• _Problem to work on_: A full, exact copy of the listing is needed, with images omitted.

• _Information provided_:
========================================
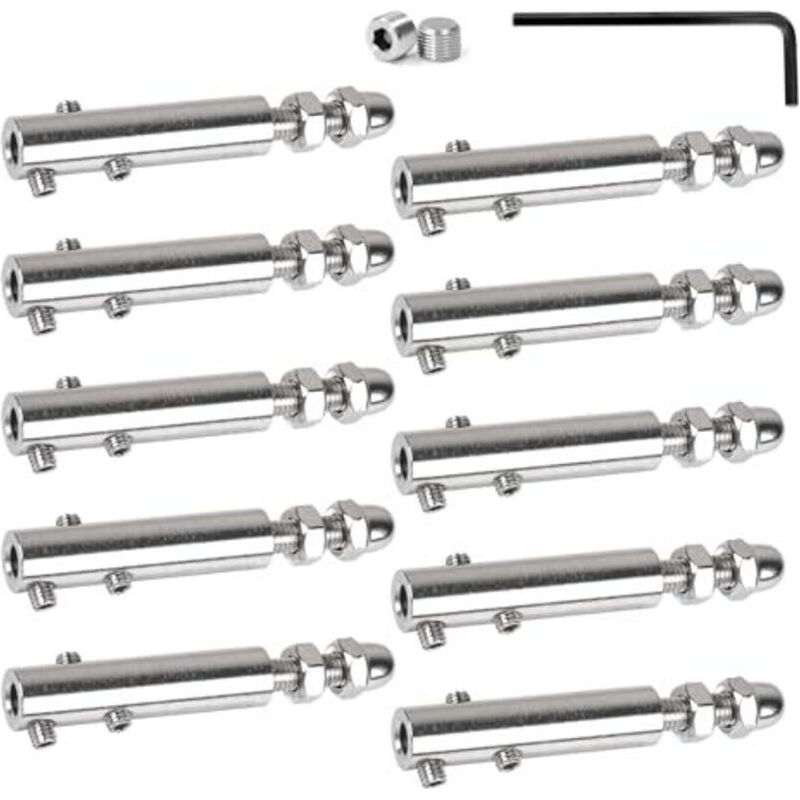 10er-set 6-mm-edelstahl-kabelspanner Mit Gewindestange Und Inbusschlüssel, Edelstahl-kabelklemmen Zur Befestigung Und Spannung Von Kabeln Für Geländerfüllungen Und Balustraden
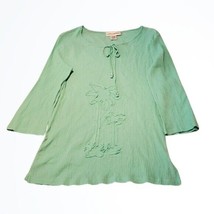 Cathy Daniels Gauze Palm Tree Pop Over Shirt Aqua Green Size Small S NWT - £21.66 GBP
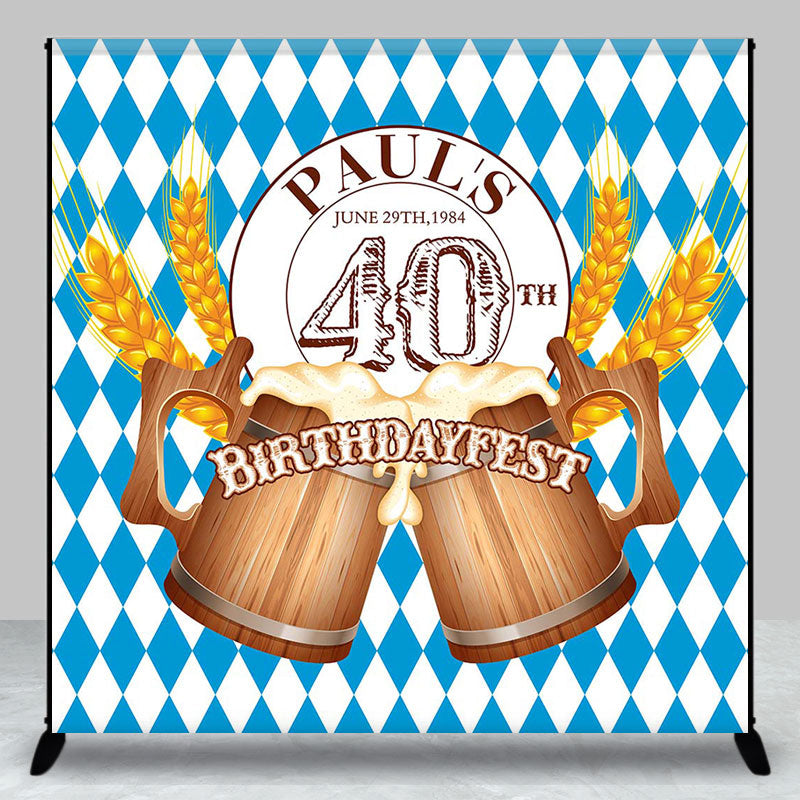 Aperturee - Custom Blue Rhombus Beer Birthdayfest Party Backdrop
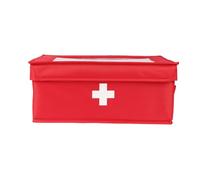 Gzsekken Medicine Box, 2-Layer Medicine Storage Box First Aid Box Empty for Dog Divided Medicine Storage Box Organiser Pull Out Drawer Design Medicine (Canvas Linen Red)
========================================
• _Your solution_:
 10er-set 6-mm-edelstahl-kabelspanner Mit Gewindestange Und Inbusschlüssel, Edelstahl-kabelklemmen Zur Befestigung Und Spannung Von Kabeln Für Geländerfüllungen Und Balustraden
 Cathy Daniels Gauze Palm Tree Pop Over Shirt Aqua Green Size Small S NWT - £21.66 GBP
 Aperturee - Custom Blue Rhombus Beer Birthdayfest Party Backdrop
 Gzsekken Medicine Box, 2-Layer Medicine Storage Box First Aid Box Empty for Dog Divided Medicine Storage Box Organiser Pull Out Drawer Design Medicine (Canvas Linen Red)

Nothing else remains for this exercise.